TASK DIRECTIONS: Apart from the pictures, which must be omitted, restate the data exactly.

═════ PROVIDED DATA

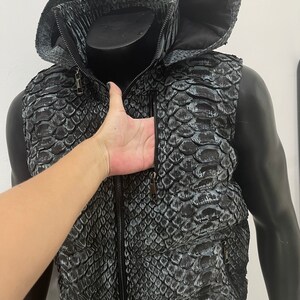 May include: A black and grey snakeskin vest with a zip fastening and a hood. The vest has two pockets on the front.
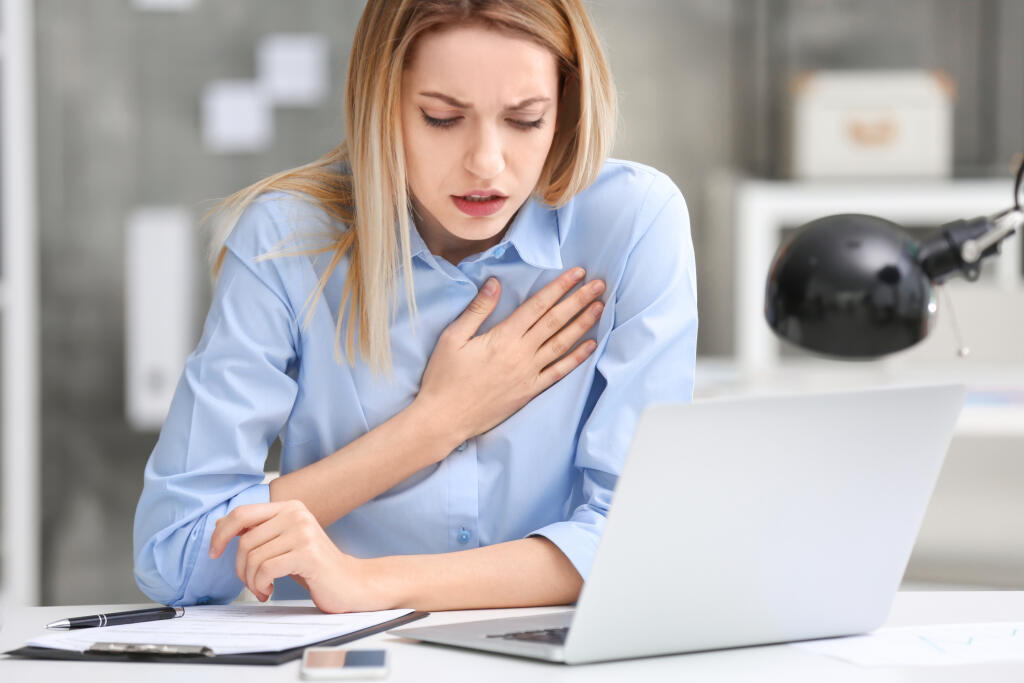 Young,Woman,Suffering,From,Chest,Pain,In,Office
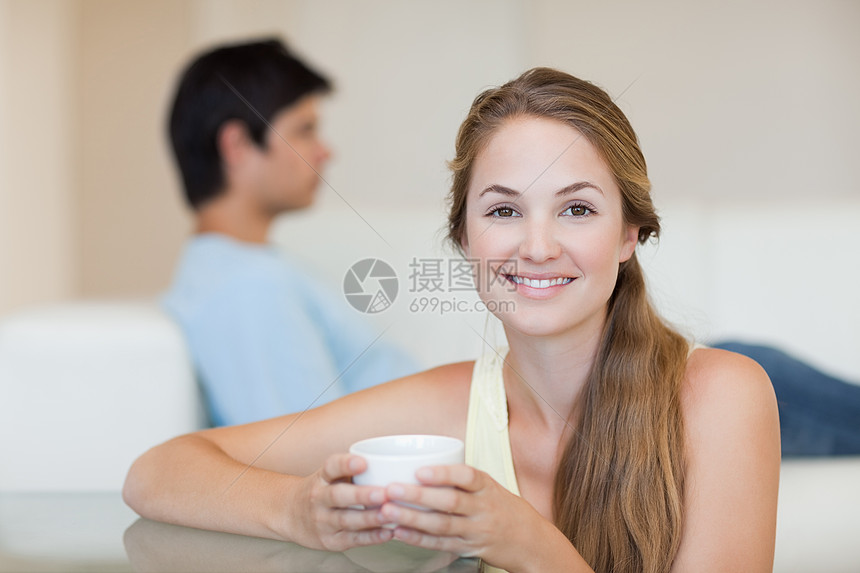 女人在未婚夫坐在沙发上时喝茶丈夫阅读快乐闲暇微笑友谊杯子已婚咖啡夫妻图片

══════════

SOLVED EXERCISE:
 May include: A black and grey snakeskin vest with a zip fastening and a hood. The vest has two pockets on the front.
 Young,Woman,Suffering,From,Chest,Pain,In,Office
 女人在未婚夫坐在沙发上时喝茶丈夫阅读快乐闲暇微笑友谊杯子已婚咖啡夫妻图片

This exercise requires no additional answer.